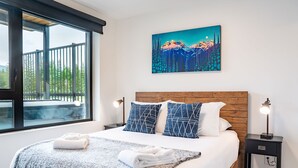 Uma cama bem arrumada com cabeceira estampada em azul e branco, um quadro de paisagem montanhosa na parede e uma mesa de cabeceira com abajur.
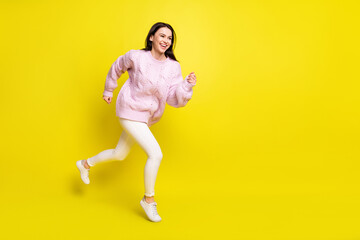 Full body profile photo of impressed millennial lady run wear sweater pants isolated on yellow color background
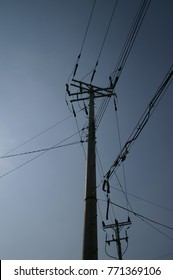 Electrical wire on pole and blue sky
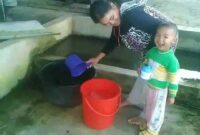 KETERANG GAMBAR :
Salah seorang ibu rumah tangga di kawasan jalan deliplantir terlihat sedang mengambil air hujan untuk kebutuhan dalam rumah tangganya. (Foto : Roy Prawira Pandia)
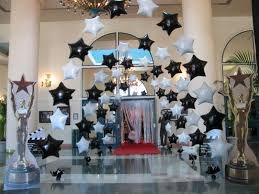 a room filled with lots of balloons in the shape of stars .
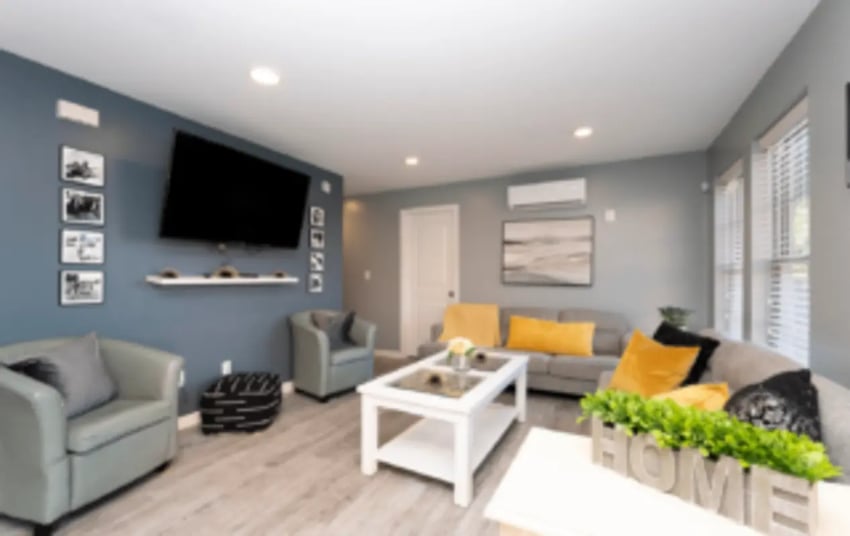 Gray chairs white coffee table sofa living room at Victory Villages in Winston-Salem Student Accommodation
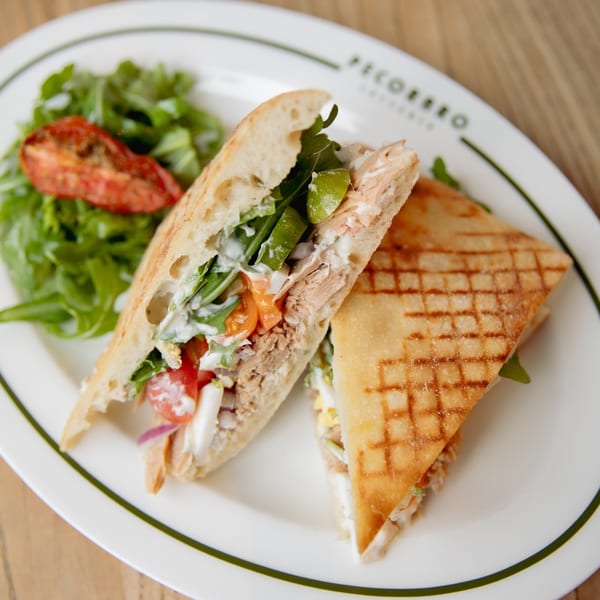 Grilled Italian panini with tuna, arugula, tomatoes, and sauce, served with a side salad.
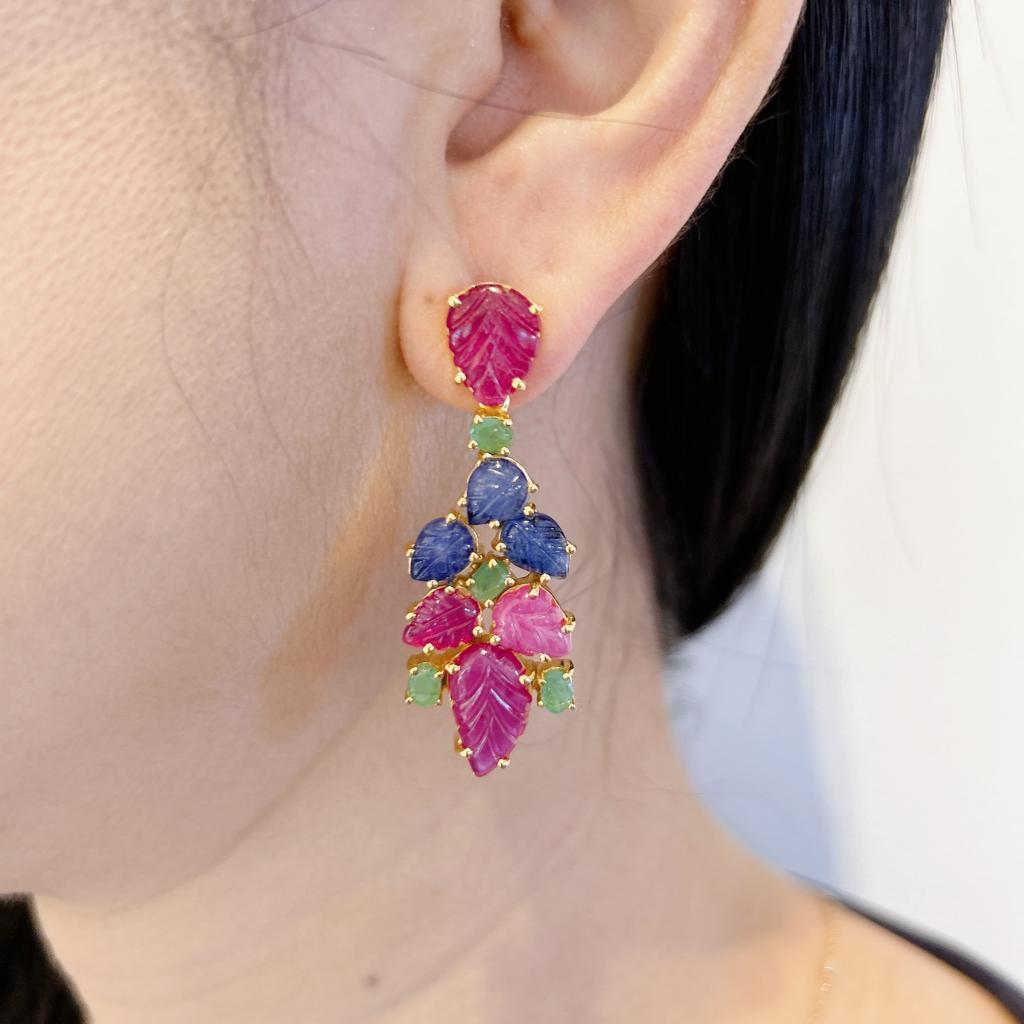 Bochic “Orient” Ruby, Emerald & Sapphire Earrings Set In 18K Gold & Silver 
Ruby - 12 Carat 
Emerald from Zambia - 6 Carat 
Blue Sapphire from Sri Lanka - 6 Carat 
The earrings from the 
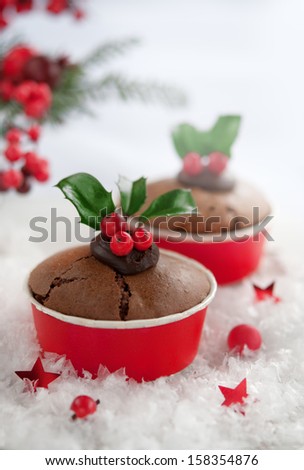 Christmas cake with holly leaves and berries on a table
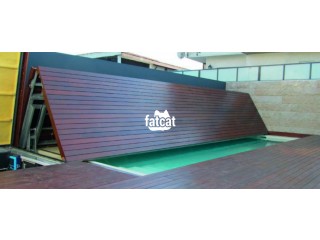 Automatic swimming pool cover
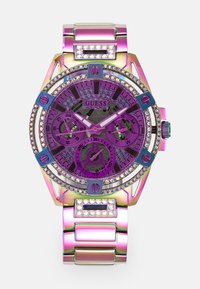 Montre Purple Guess avec un boîtier métallique multicolore, des accents en cristaux sertis autour de la lunette et un bracelet métallique à maillons.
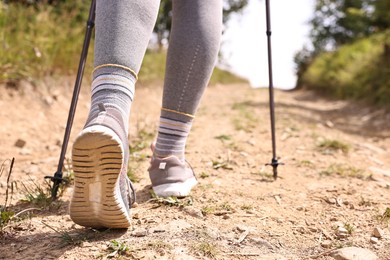 Young hiker with trekking poles outdoors, closeup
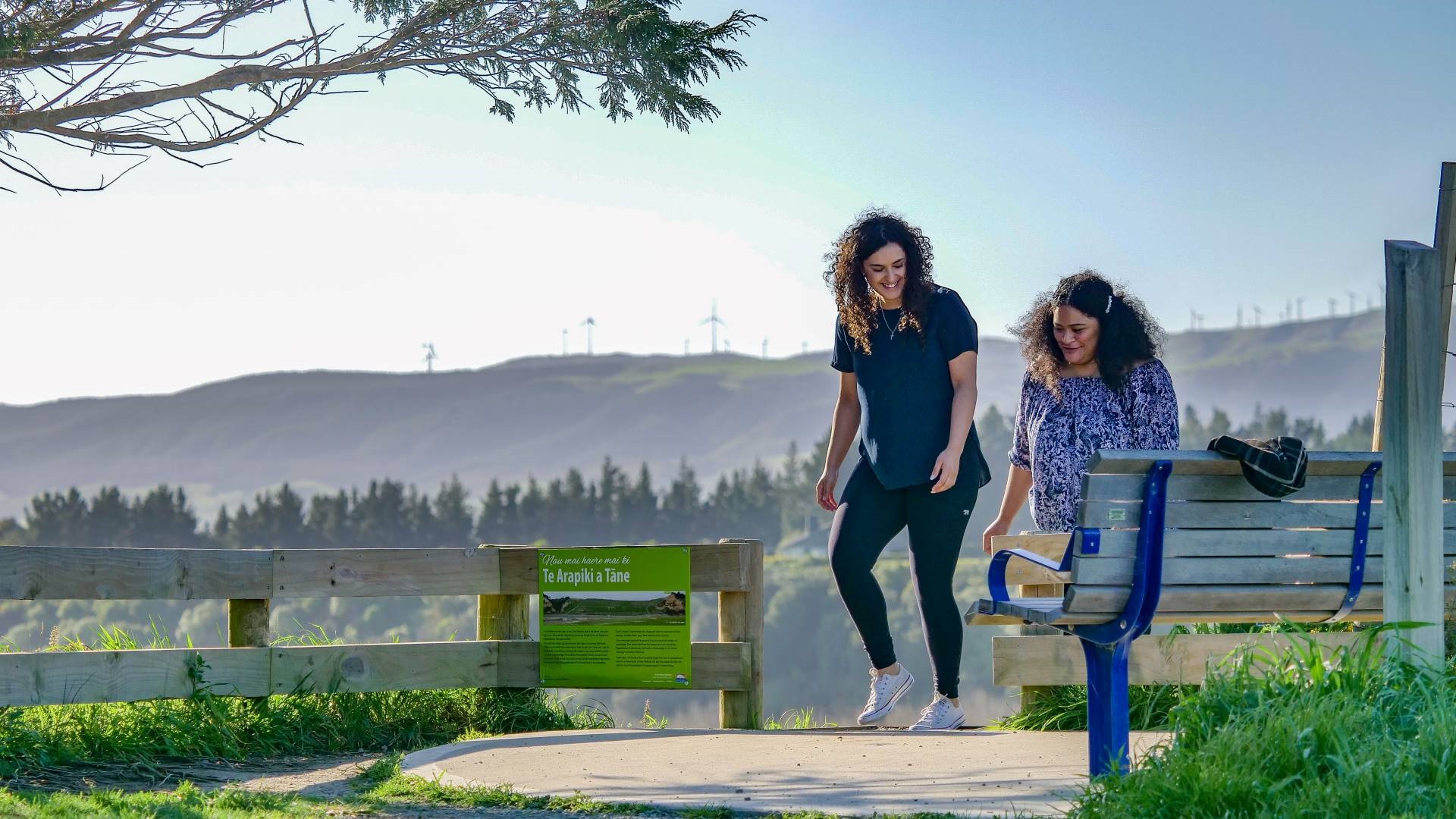 2 young women smile as they reach the top of the steps.
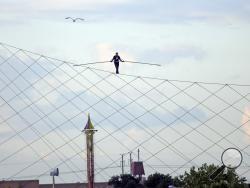 High-wire daredevil Nik Wallenda walks a tightrope above the Milwaukee Mile Speedway at the Wisconsin State Fair in West Allis, Wis. Tuesday, Aug. 11, 2015. Wallenda completed his longest tightrope walk ever during the appearance at the Wisconsin State Fair. (Mike De Sisti/Milwaukee Journal-Sentinel via AP) 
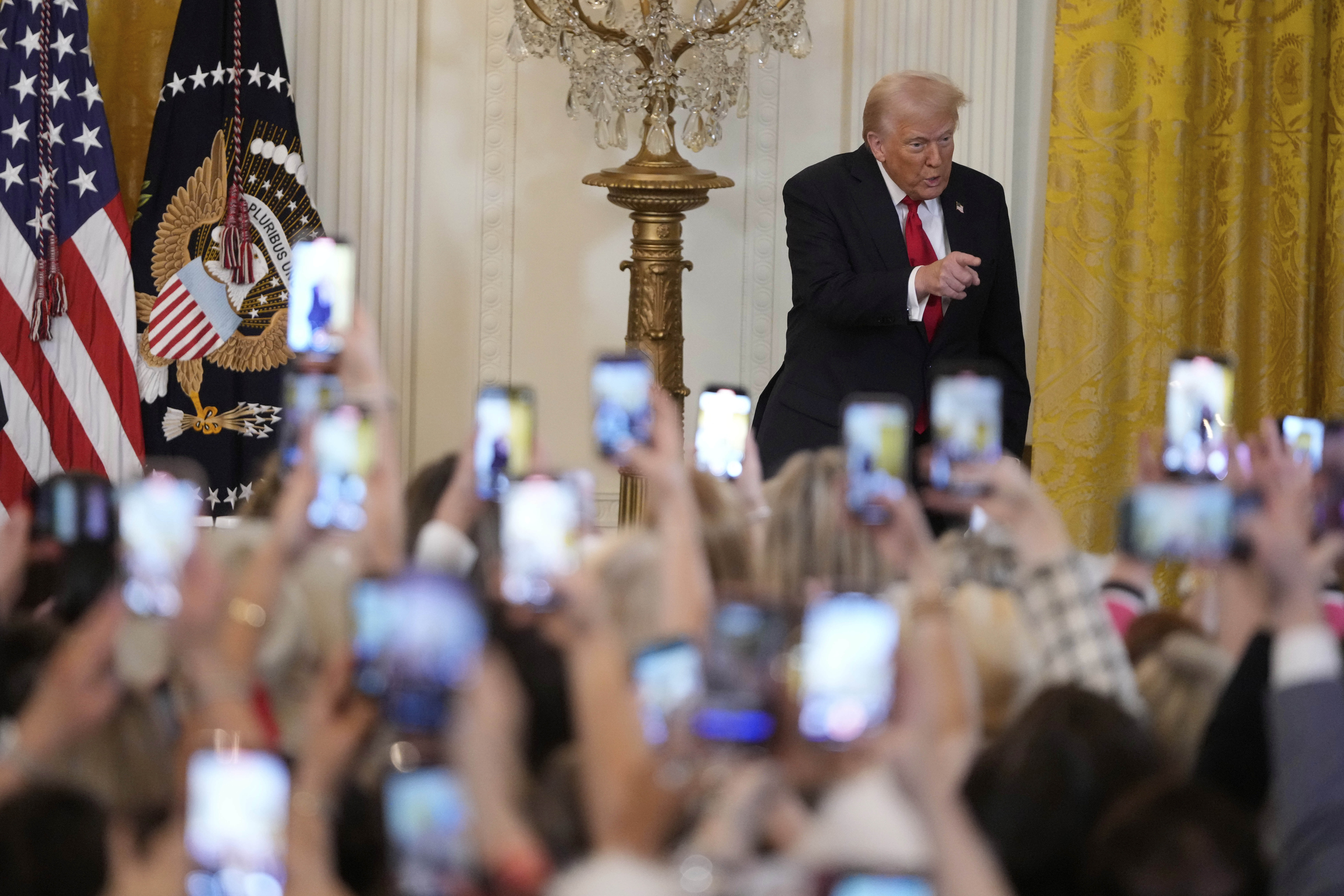 Audience members lift their cell phones to record Trump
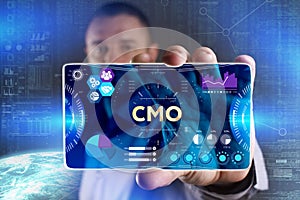 Business, Technology, Internet and network concept. Young businessman showing a word in a virtual tablet of the future: CMO photo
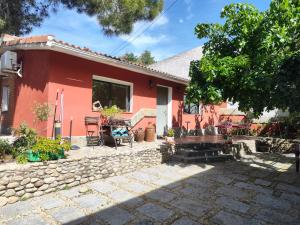 una casa roja con un patio de piedra frente a ella en Casita de invitados cerca de Madrid, en Moralzarzal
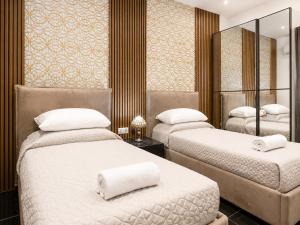 a bedroom with two beds and a mirror at Azure Gold Apartment in Senglea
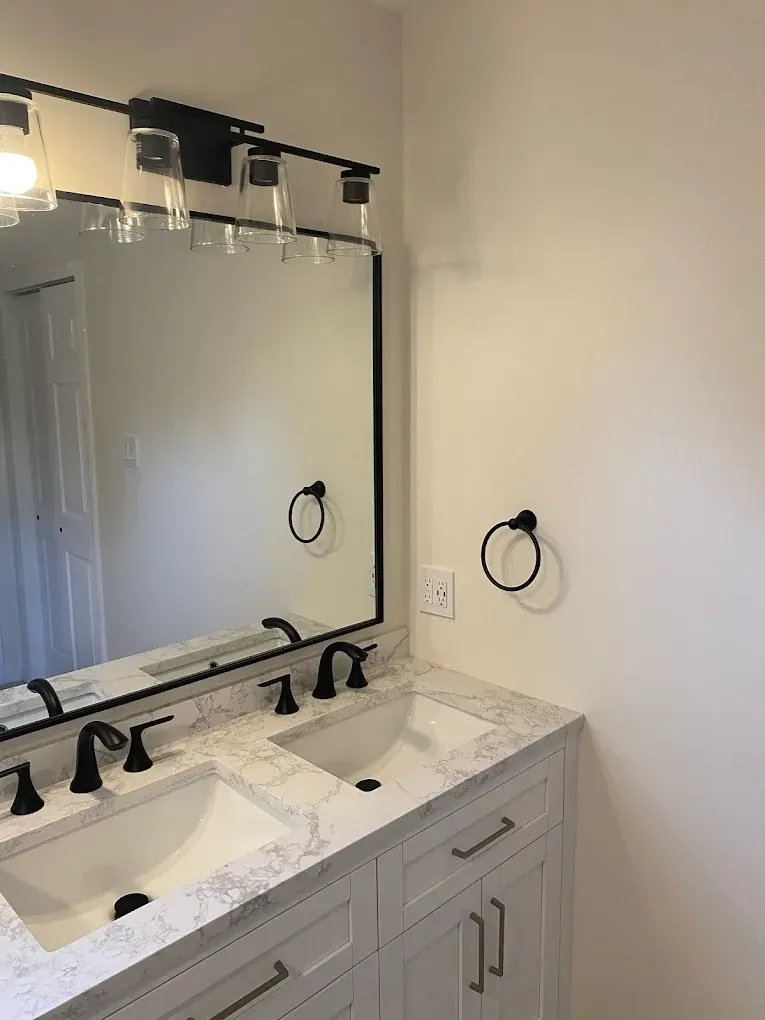 Bathroom with white double vanity, marble countertop, black fixtures, and a large mirror.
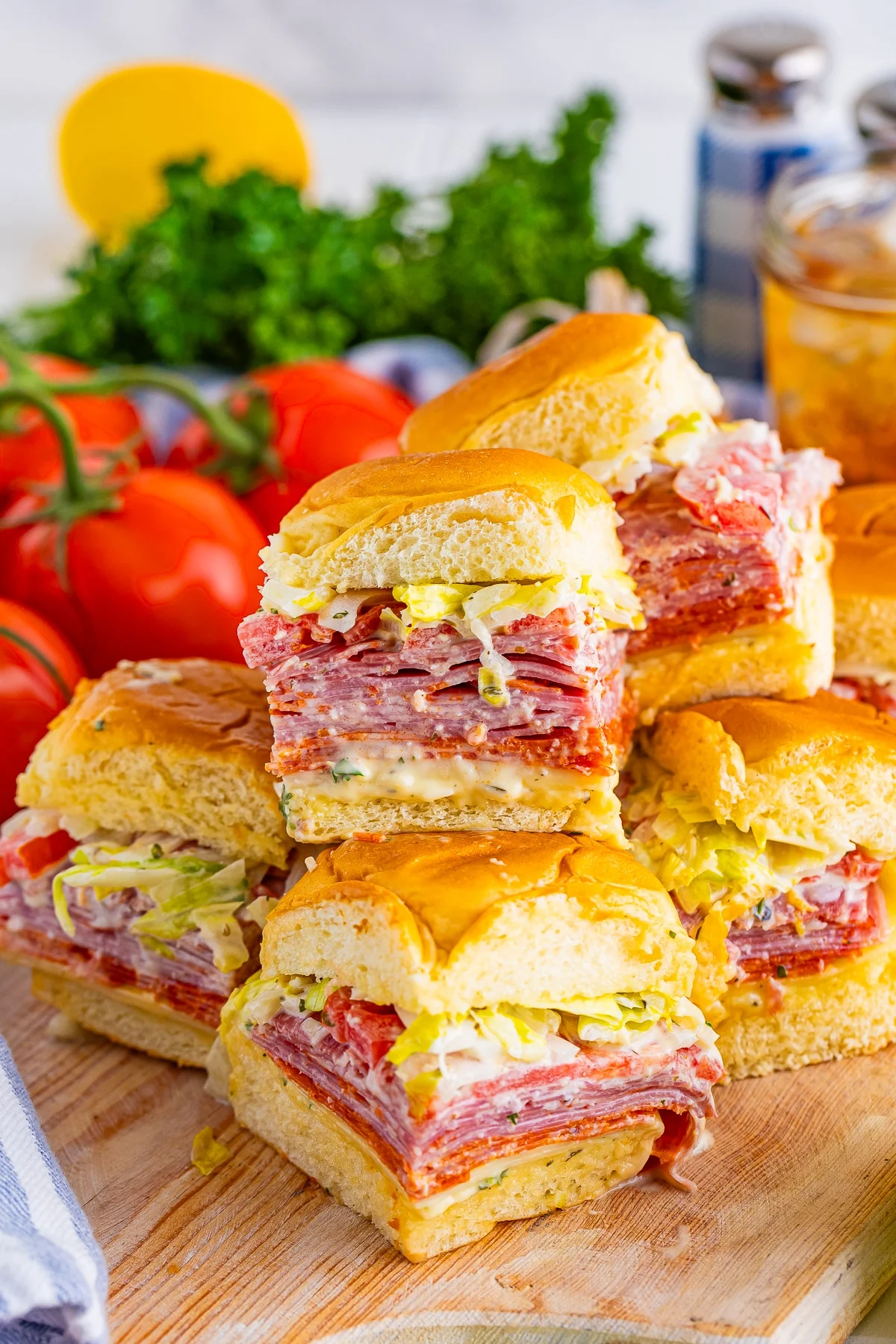 A stack of deli meat and cheese sliders with lettuce on soft buns, perfect for Sports Dinners, displayed on a wooden board with fresh tomatoes and parsley in the background.
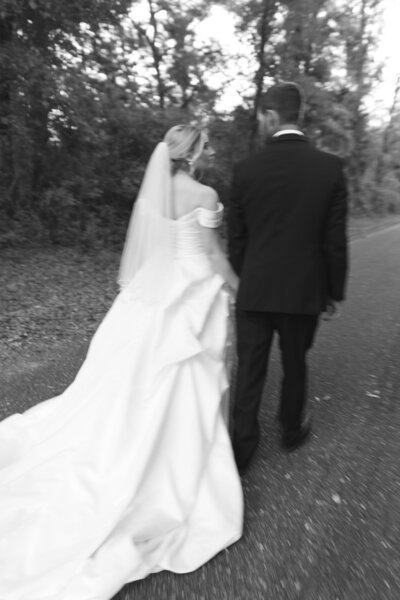 Bride and Groom walking away together.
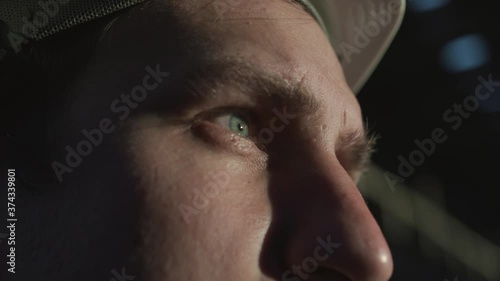 An engineer, builder, manager puts a white helmet on his head at sunset and looks into the distance. Inspired, focused gaze, blue eyes, innovative, new architectural, building project of the future.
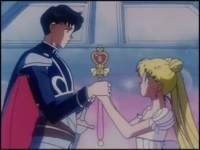 Usagi and Mamoru clasp the Spiral Heart Moon Rod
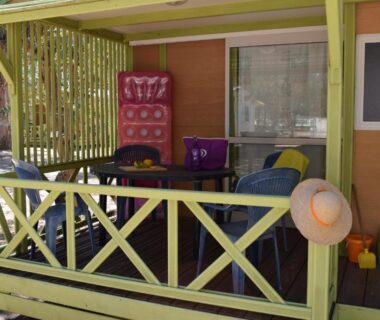 Terrasse couverte avec mobilier de jardin et chapeau accroché du Camping Paradella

▶ _WHAT THE EXERCISE ASKS_
Transcribe, word for word, the stretch of lines in the data above from the one with "a bedroom with" through the one with "An engineer, builder, manager"; omit all pictures.

▶ _FINISHED TASK_
 a bedroom with two beds and a mirror at Azure Gold Apartment in Senglea
 Bathroom with white double vanity, marble countertop, black fixtures, and a large mirror.
 A stack of deli meat and cheese sliders with lettuce on soft buns, perfect for Sports Dinners, displayed on a wooden board with fresh tomatoes and parsley in the background.
 Bride and Groom walking away together.
 An engineer, builder, manager puts a white helmet on his head at sunset and looks into the distance. Inspired, focused gaze, blue eyes, innovative, new architectural, building project of the future.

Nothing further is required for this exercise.